At one point he found himself in a village that didn’t appear on any map. But it was the village after that one where things took a bad turn. Just outside it two men, clad in bloody, tattered rags, stepped from behind a rock, wailing. Corpse butchers, Karma Paul explained. Since the ground was frozen and there was no wood for cremation, the dead were cut up and fed to vultures. As no one had died recently, they were hungry. Karma Paul gave them a coin.
After making camp the entire village came out to watch Michael take a shit. When he tried to return to his tent, the village idiot, fettered hand and foot, blocked his way, shaking his chains and shouting angrily. This appeared to rouse the staring crowd from their torpor. A hailstorm of stones came down around him before he managed to get into his tent.
At midnight, Michael was woken by loud, unearthly music, like trumpets and oboes and conch shells, alternating bars of G, F-sharp, G, F-sharp, con espressione. Were the corpse butchers now coming for him? By 2:00 a.m. the rumpus had quieted and he started off to his station. At 2:30
an odd, twisting pain started in his belly. After hastily completing his readings he returned to his tent deathly ill.
His next memory was of looking up to see the dzongpen of the village, with the long gold pendant of his office hanging from his left ear, issuing orders. He was half carried through a kitchen filled with staring women, up a dark stairway and ushered into a cool room with a comfortable bed and a view of the night sky through an opening in the roof. He was distantly aware the dzongpen was trying to get him to take some water. Tapers of incense were lit to drive off whatever demon possessed him.

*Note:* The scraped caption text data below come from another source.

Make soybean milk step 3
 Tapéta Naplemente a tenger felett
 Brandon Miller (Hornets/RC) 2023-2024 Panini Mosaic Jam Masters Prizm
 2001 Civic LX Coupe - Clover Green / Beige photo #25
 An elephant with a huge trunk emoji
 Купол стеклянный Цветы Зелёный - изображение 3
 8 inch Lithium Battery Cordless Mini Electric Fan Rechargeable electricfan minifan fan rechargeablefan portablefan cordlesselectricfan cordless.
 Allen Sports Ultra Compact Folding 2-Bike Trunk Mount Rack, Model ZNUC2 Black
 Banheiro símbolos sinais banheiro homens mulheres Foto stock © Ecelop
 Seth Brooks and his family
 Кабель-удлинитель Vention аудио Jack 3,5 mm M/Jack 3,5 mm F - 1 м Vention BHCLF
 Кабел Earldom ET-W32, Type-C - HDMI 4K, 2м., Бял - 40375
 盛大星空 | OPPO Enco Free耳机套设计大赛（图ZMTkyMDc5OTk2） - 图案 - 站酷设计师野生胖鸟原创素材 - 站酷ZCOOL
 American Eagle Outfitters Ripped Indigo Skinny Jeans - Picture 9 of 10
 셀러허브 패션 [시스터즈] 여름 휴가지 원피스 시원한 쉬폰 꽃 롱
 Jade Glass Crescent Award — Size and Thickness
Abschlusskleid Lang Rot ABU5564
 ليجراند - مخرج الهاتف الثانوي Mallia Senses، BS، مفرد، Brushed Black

When the dzongpen left to say his prayers in the shrine room, Michael heard the ring of a bell and the stroke of a drum. He first hallucinated he was a Chinese puzzle, then that Erica had delivered a baby. At one point he opened his eyes and found the women of the house, each bearing a candle, standing around his bed looking down at him like a ring of angels. Only then did he realize he was in the same room where he’d drunk chhang in a lovely chased silver cup nine days before. The dzongpen of Sar’s house was the first Tibetan house he had been in and, despite the mooing calf tied up on the ground floor, the perpetual toing and froing and salaams of the servants had left the impression of a royal court. He awoke feeling better.
In the meantime, word had come back from the Tibetan authorities that they were to stop their work in the Nyonno Ri and carry on directly to Everest to begin the reconnaissance. Shipton sent a letter of protest and five days of inactivity passed while they awaited word from on high. The ministers stood firm; their permits never allowed for a survey of the Nyonno Ri range. At their good-bye meal, Shipton produced one high compliment after another but the dzongpen was more interested in the hair on the New Zealander’s legs. Bryant, in turn, treated him to a Maori rendition of “For He’s a Jolly Good Fellow.” After the tap dancing, high-pitched singing, the raising of toasts, Shipton braved asking why the Tibetans were so reluctant to let him explore their country.